Windowing functiions

from the Artful MySQL Tips List


Added in MySQL 8 and MariaDB 10, SQL window-analytic functions extend and refine the concept of aggregation. The windowing function OVER() works with all aggregate functions except GROUP_CONCAT()—essentially making them window-aware—and works also with window-analytic functions:
CUME_DIST() Cumulative distribution value
DENSE_RANK() Rank of current row in its window without gaps
FIRST_VALUE() Argument value from first row of window
LAG() Argument value from row lagging current row in window
LAST_VALUE() Argument value from last row of window
LEAD() Argument value from row leading current row in window
NTH_VALUE() Argument value from Nth row of window
NTILE() Bucket number of current row in its window
PERCENT_RANK() Cumulative percent rank of argument value
RANK() Current row rank within its window, with gaps
ROW_NUMBER() Current row number in its window
This is the toy table from http://mysqlserverteam.com/mysql-8-0-2-introducing-window-functions:
CREATE TABLE sales(employee VARCHAR(8), `date` DATE, sale INT);
INSERT INTO sales VALUES 
  ('odin', '2025-03-01', 200),('odin', '2024-04-01', 300),
  ('odin', '2024-05-01', 400),('thor', '2025-03-01', 400),
  ('thor', '2024-04-01', 300),('thor', '2024-05-01', 500);
Aggregate functions suppress display of the rows they aggregate ...
SELECT SUM(sale) AS sum FROM sales;
+------+
| sum  |
+------+
| 2100 |
+------+
... but adding in the OVER() windowing function undoes that row suppression, so individual rows that have been aggregated appear in the result ...
SELECT employee, SUM(sale) OVER() AS sum FROM sales;
+----------+------+
| employee | sum  |
+----------+------+
| odin     | 2100 |
| odin     | 2100 |
| odin     | 2100 |
| thor     | 2100 |
| thor     | 2100 |
| thor     | 2100 |
+----------+------+
OVER() accepts two optional arguments, a PARTITION BY clause specifying how to partition row groups into windows, and an ORDER BY clause which orders window rows and makes their aggregate results row-by-row cumulative.

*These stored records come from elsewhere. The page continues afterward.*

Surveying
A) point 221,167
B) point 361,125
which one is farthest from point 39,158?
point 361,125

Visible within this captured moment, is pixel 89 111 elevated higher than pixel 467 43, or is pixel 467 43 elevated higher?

OVER() with only a PARTITION BY clause partitions aggregate results, but each row shows the same aggregate result for its window:
 
SELECT 
  employee, date, sale, 
  SUM(sale) OVER(PARTITION BY employee) AS sum
FROM sales;
+----------+------------+------+------+
| employee | date       | sale | sum  |
+----------+------------+------+------+
| odin     | 2025-03-01 |  200 |  900 |
| odin     | 2024-04-01 |  300 |  900 |
| odin     | 2024-05-01 |  400 |  900 |
| thor     | 2025-03-01 |  400 | 1200 |
| thor     | 2024-04-01 |  300 | 1200 |
| thor     | 2024-05-01 |  500 | 1200 |
+----------+------------+------+------+
As you'd expect, OVER() with only an ORDER BY clause orders by the ORDER BY clause, and accumulates by it:
SELECT employee, date, sale, SUM(sale) OVER(ORDER BY date) AS sum
FROM sales;
+----------+------------+------+------+
| employee | date       | sale | sum  |
+----------+------------+------+------+
| odin     | 2025-03-01 |  200 |  600 | (sum for 2025-03-01)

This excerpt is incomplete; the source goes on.